BİR DAHA BENZER ACILARI YAŞAMAYALIM… DEPREMİ UNUTMA! UNUTTURMA!
TMMOB Yönetim Kurulu Başkanı Emin Koramaz, 17 Ağustos 1999 Marmara Depreminin yıldönümü nedeniyle 16 Ağustos 2025 tarihinde bir basın açıklaması yaptı.
BİR DAHA BENZER ACILARI YAŞAMAYALIM…
DEPREMİ UNUTMA! UNUTTURMA!
Resmi rakamlara göre 18.373 yurttaşımızın hayatını kaybettiği, 48 bin 901 kişinin yaralandığı, yüzbinlerce yapıyı yerle bir eden 17 Ağustos Depremi’nin 26. yılında kaybettiklerimizi bir kez daha özlemle anıyoruz.
Başta İzmit, Yalova ve Adapazarı olmak üzere Doğu Marmara’nın tamamını etkileyen 7,4 büyüklüğündeki deprem, gerekli tedbirler alınmadığında doğal afetlerin ne büyük toplumsal felaketlere dönüşebildiğinin en acı örneği olarak tarihe geçti.
Aradan geçen bunca yıla ve acı deneyime rağmen üzülerek görüyoruz ki meydana gelen depremler ve diğer doğal afetler sonucunda yaşanan can kayıpları, sosyal ve ekonomik travmalar siyasal iktidara hiçbir şey öğretmemiştir.

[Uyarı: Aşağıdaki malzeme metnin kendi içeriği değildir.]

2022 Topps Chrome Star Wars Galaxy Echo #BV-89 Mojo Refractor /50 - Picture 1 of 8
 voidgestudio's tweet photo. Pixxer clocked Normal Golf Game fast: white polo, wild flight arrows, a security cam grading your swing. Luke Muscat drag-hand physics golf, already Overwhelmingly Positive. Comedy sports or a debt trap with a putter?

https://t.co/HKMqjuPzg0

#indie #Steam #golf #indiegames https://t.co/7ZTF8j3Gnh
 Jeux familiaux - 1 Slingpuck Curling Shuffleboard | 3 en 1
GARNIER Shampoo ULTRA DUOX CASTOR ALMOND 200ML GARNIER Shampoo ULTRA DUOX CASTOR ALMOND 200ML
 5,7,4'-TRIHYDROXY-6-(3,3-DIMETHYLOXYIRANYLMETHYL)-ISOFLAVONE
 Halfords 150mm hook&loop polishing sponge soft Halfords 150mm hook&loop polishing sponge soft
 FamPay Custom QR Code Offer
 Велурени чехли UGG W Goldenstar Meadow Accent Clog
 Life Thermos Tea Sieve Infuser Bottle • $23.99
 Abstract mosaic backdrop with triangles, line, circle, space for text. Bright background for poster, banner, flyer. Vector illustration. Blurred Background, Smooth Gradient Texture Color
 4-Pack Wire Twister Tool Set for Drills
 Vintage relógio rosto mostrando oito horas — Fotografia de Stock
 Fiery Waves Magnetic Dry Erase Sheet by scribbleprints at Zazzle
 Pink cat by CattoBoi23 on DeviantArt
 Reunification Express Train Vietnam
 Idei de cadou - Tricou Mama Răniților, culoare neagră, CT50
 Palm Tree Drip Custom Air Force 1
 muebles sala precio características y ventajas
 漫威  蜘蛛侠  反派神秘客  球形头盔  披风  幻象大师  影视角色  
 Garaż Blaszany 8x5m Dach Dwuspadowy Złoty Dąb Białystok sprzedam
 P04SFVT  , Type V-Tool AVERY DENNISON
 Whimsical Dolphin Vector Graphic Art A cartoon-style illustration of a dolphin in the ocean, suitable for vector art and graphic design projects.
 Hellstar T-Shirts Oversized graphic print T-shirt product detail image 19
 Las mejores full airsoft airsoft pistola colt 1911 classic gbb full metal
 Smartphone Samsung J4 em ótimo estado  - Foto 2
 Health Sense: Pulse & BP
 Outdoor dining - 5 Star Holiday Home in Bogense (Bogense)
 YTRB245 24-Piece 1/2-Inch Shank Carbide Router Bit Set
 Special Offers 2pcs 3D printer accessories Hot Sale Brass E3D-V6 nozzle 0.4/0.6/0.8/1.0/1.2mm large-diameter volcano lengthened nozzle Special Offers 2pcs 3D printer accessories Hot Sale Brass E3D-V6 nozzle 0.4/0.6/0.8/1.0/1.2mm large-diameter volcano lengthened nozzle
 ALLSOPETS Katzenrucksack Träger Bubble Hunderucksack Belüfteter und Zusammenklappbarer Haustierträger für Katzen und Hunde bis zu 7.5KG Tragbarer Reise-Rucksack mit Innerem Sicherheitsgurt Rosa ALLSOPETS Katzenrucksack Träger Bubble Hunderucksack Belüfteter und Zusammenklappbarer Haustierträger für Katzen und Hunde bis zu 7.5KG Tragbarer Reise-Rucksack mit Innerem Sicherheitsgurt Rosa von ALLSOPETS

Göz göre göre gelmekte olan İstanbul depremine karşı önleyici tedbirler almak yerine, Kanal İstanbul gibi, doğal varlıklarımızı, su kaynaklarımızı ve tarım arazilerimizi ranta açmayı hedefleyen rant projeleriyle yaşamlarımız hala hiçe sayılmaktadır.
Bilim ve meslek çevrelerince ortaya konan risk ve afet yönetimine ilişkin görüşlere, alınması gerekli önlemlere dikkat çeken açıklamalara itibar edilmemiş, yıllar süren çalışma ve raporlar göz ardı edilmiştir. Bu ihmal ve umursamazlık nedeniyle yıllar içinde yaşanan felaketlerde binlerce insanımız hayatını kaybetmiştir.
Ülke tarihimiz adeta bu ihmallerin tarihi haline dönüşmüş durumdadır. Büyük Marmara Depreminin ardından, 2003’te Bingöl’de, 2011 Van’da, 2020’de Elazığ-Sivrice ve İzmir’de ve 11 ilimizi etkileyen 6 Şubat 2023 Kahramanmaraş ve 20 Şubat 2023 Hatay depremleri ne yazık ki bu ihmalin en ağır sonuçları olmuştur.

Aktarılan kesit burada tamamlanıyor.